Katsura stewed moodily for a few seconds further, analyzing his so-called "options" and attempting to ascertain a clear lesser of the two evils. Yet the lesser was not readily forthcoming, prompting Katsura to reflect upon the agonizing duration of the two entire episodes he had spent sans screen time while he grew his hair out post-Benizakura arc. A repeat performance was not desirable.
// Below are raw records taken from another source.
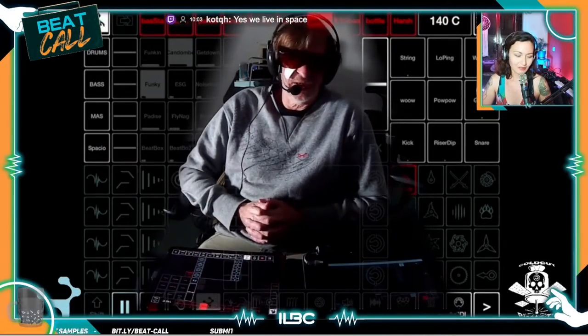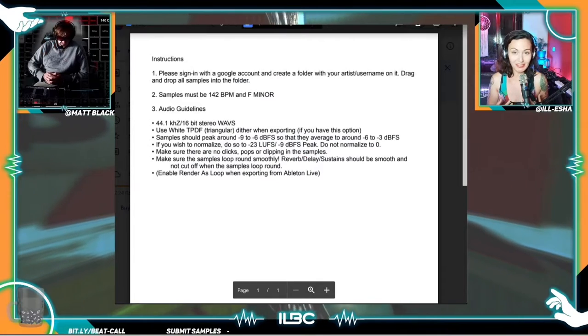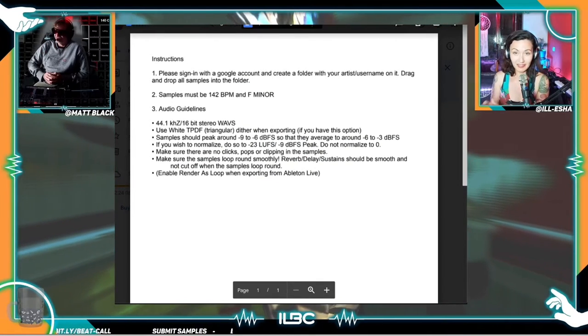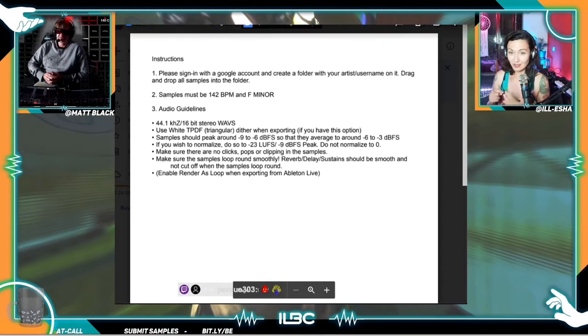Anything goes at all — acoustic, electronic, self-made samples. So everything that you submit, we need the tempo and the key, and it also has to loop, which means that it has to loop smoothly.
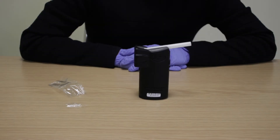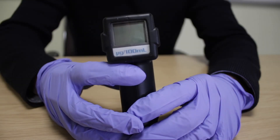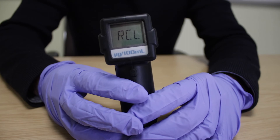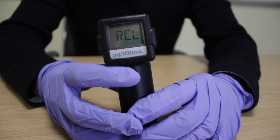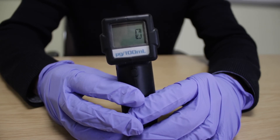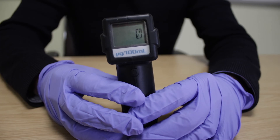To display the last test result after the instrument has powered off, press the off button with your thumb whilst pressing the on button with your index finger. The display will show RCL — recall last test. Press the off button to display the last test result, flashing between RCL and the last result, before turning the device off.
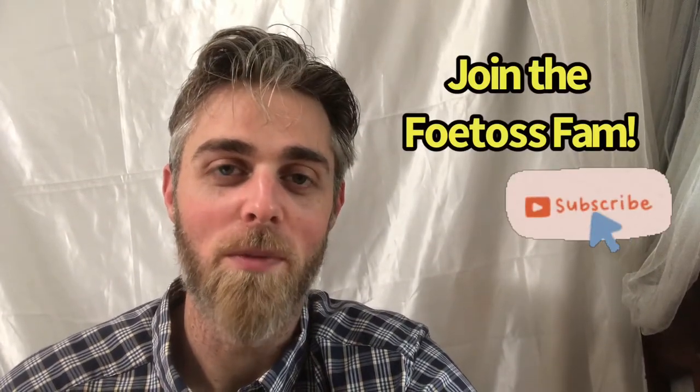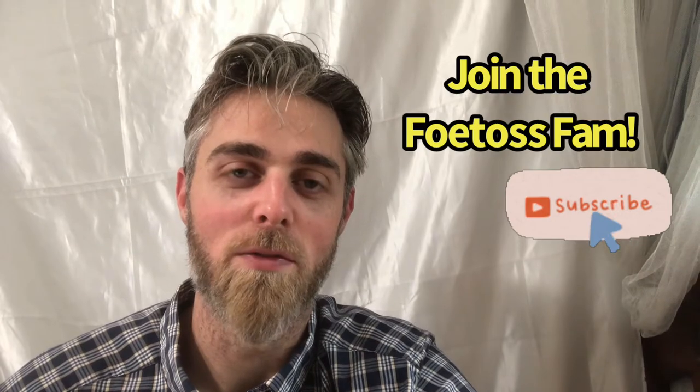Thank you so much for watching. We look forward to seeing in the comments how this content has added value to your photography. If this really did add value and you want to leave a comment, we'd love a thumbs up so other people will be shown this video in their feed. And if you're not yet a subscriber, we would love to have your subscription. Thank you so much and God bless.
"Ding ding, time's up," Gintoki interrupted lamely, flicking a booger in Katsura's general direction. "What'll it be?"

"…peanut butter. I think."

"Is that your final answer?"

Katsura frowned, exasperated by Gintoki's relentless needling as his own non-existent patience ticked into the danger zone once more. A patented Justaway explosion lurked in the very, very near future. So Katsura laid his cards bare on the table.

"…look, I have some…traumatic memories of scissors from the last time I went to a barbershop. Some idiot with an afro decided to impersonate the master charismatic hairdresser, and I ended up being chased down the street by Kondou while sporting a haircut like Wakame-san's. Have you ever seen a space pirate try to look intimidating with such a ridiculous haircut? It doesn't work. My men had a field day."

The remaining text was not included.